Interestingly, cross-tabulation of the responses to question 29, sections 5 and 6, and question 5 showed no significant differences by tenure status in attitudes about whether or not right- or left-wing political beliefs or activities should be taken into account in personnel decisions. Nor do the responses to question 30 and question 5 reveal any differences by tenure status in attitudes toward the value of ideological or methodological diversity. With regard to homosexuality and personal sexual morality, however, historians with continuing tenure tended to be less tolerant than those with less secure statuses.

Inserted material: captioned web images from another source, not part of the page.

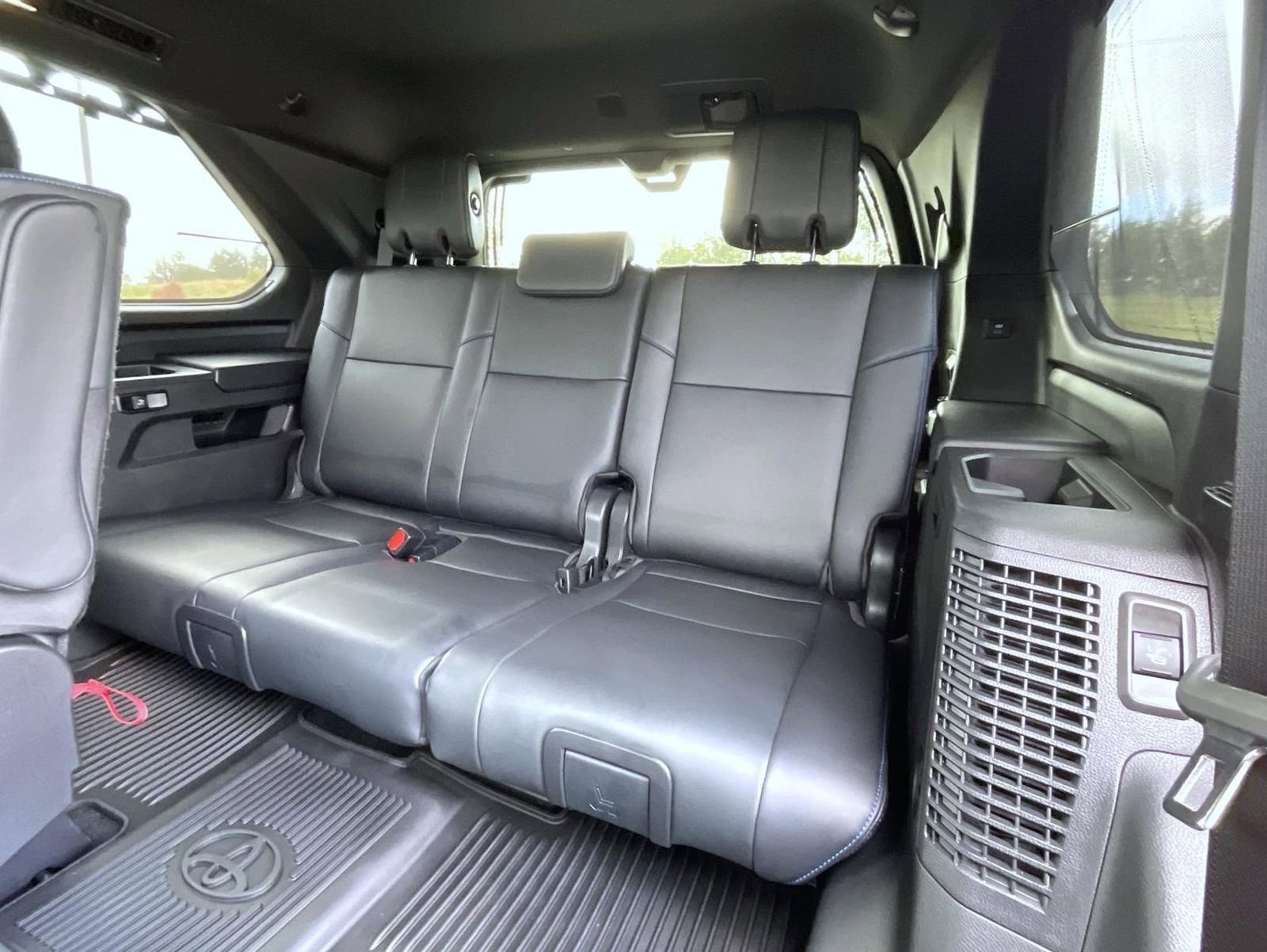 Used 2024 Toyota Sequoia Platinum image 21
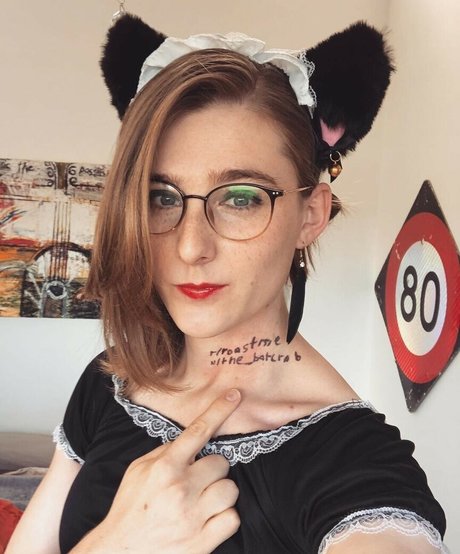 Alice In Wonder1and étoile galerie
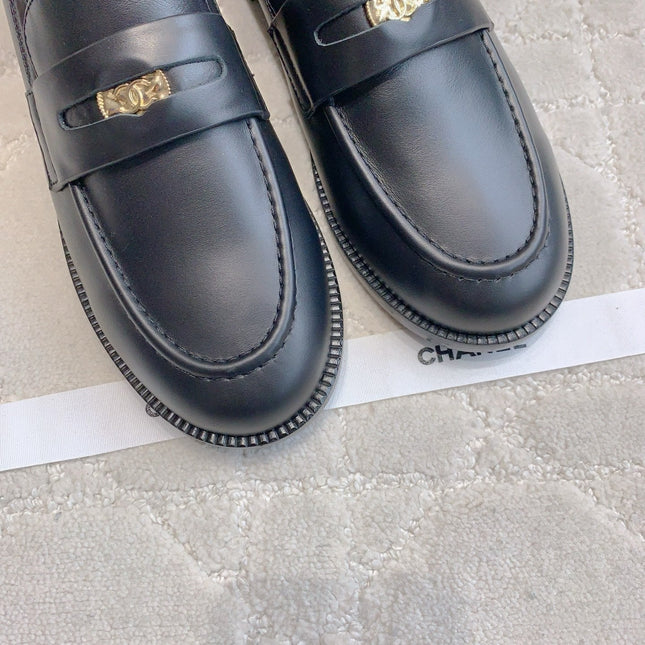 CHANEL 25S MOCCASINS IN BLACK CALFSKIN GOLD HARDWARE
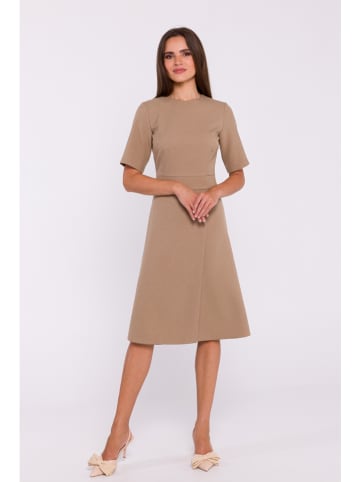 Stylove Sukienka w kolorze beżowym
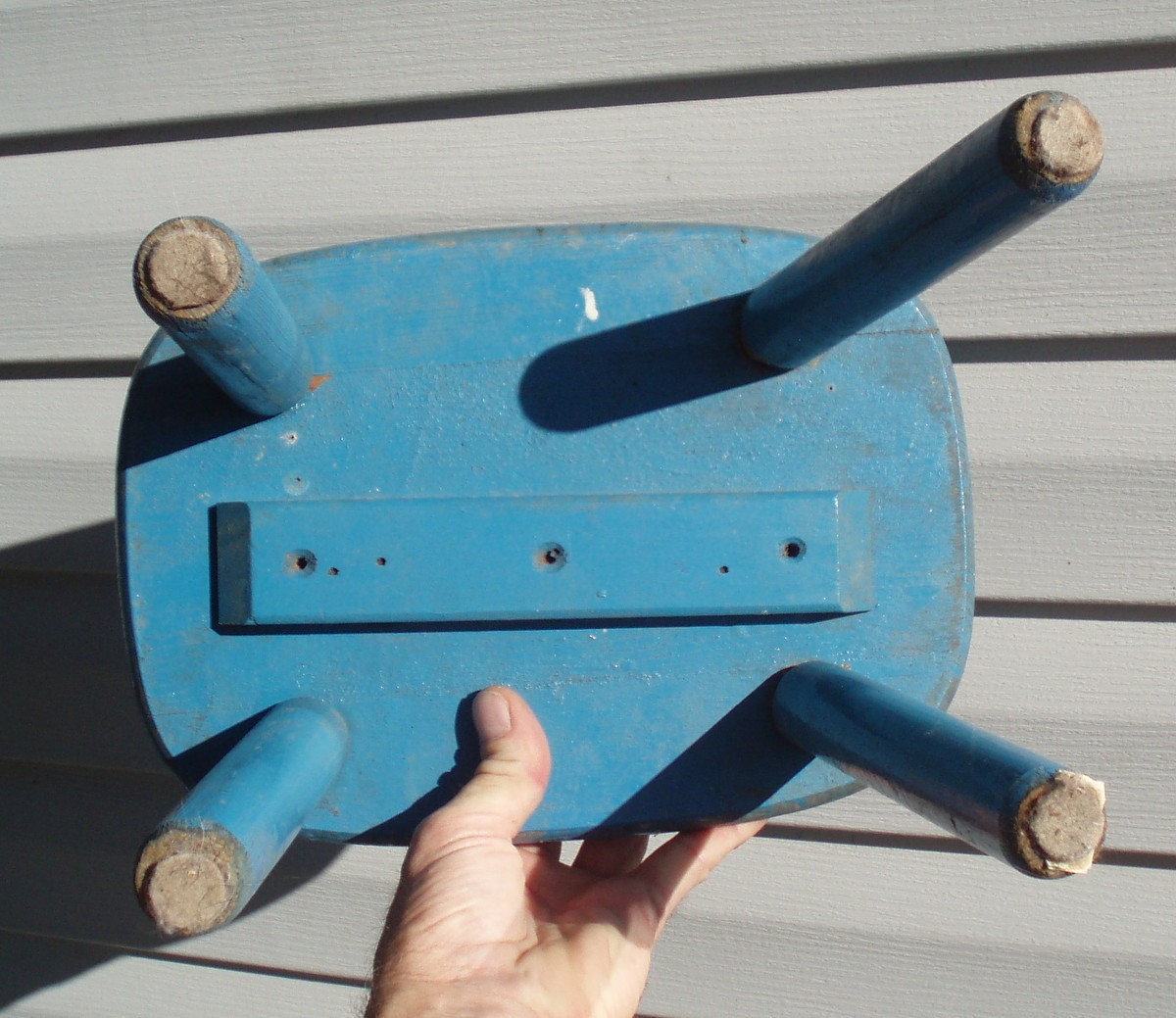 PRIMITIVE ANTIQUE WOODEN MILKING STOOL ORIG BLUE PAINT RUSTIC FARM COUNTRY BARN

The last two questions attempted to measure historians’ attitudes toward the existing modes of protecting academic freedom. The responses to question 33 reveal a distressingly low level of faith in the effectiveness of boards of trustees and school administrations in this respect. Approximately half the respondents expressed confidence, however, in chairmen, faculties, and faculty committees. As far as the AAUP is concerned, 53.5 percent of the respondents think that the national AAUP would oppose a violation of academic freedom with determination, while 22.1 percent think it would protest but take no determined action. Question 34 found 42.6 percent of the respondents satisfied with the status quo, although 9 percent expressed a rather fatalistic lack of faith in any agency’s ability to shore up the boundaries of academic free-dom. In view of these figures, it may be surprising that 43.5 percent of the respondents want the AHA to play a more active role in defending academic freedom. Cross-tabulations between the responses to question 34 and to various questions in Sections I and II indicate that there is no close correlation between the desire for the AHA to play a more active role, and age, sex, region of the country, form of decision-making experienced, or institutional affiliation. Non-tenured faculty and those identifying themselves as politically liberal tend to want more AHA activism than their fellow respondents. While the respondents favoring intervention and activism on the part of the AHA do not constitute a majority, it is yet noteworthy that many of those who at the present moment are satisfied and do not feel threatened are still not convinced that the situation is so secure that additional measures to protect academic freedom are unnecessary.

The data from the questionnaire responses, coded for computer manipulation, are on file on magnetic tape in the offices of the AHA.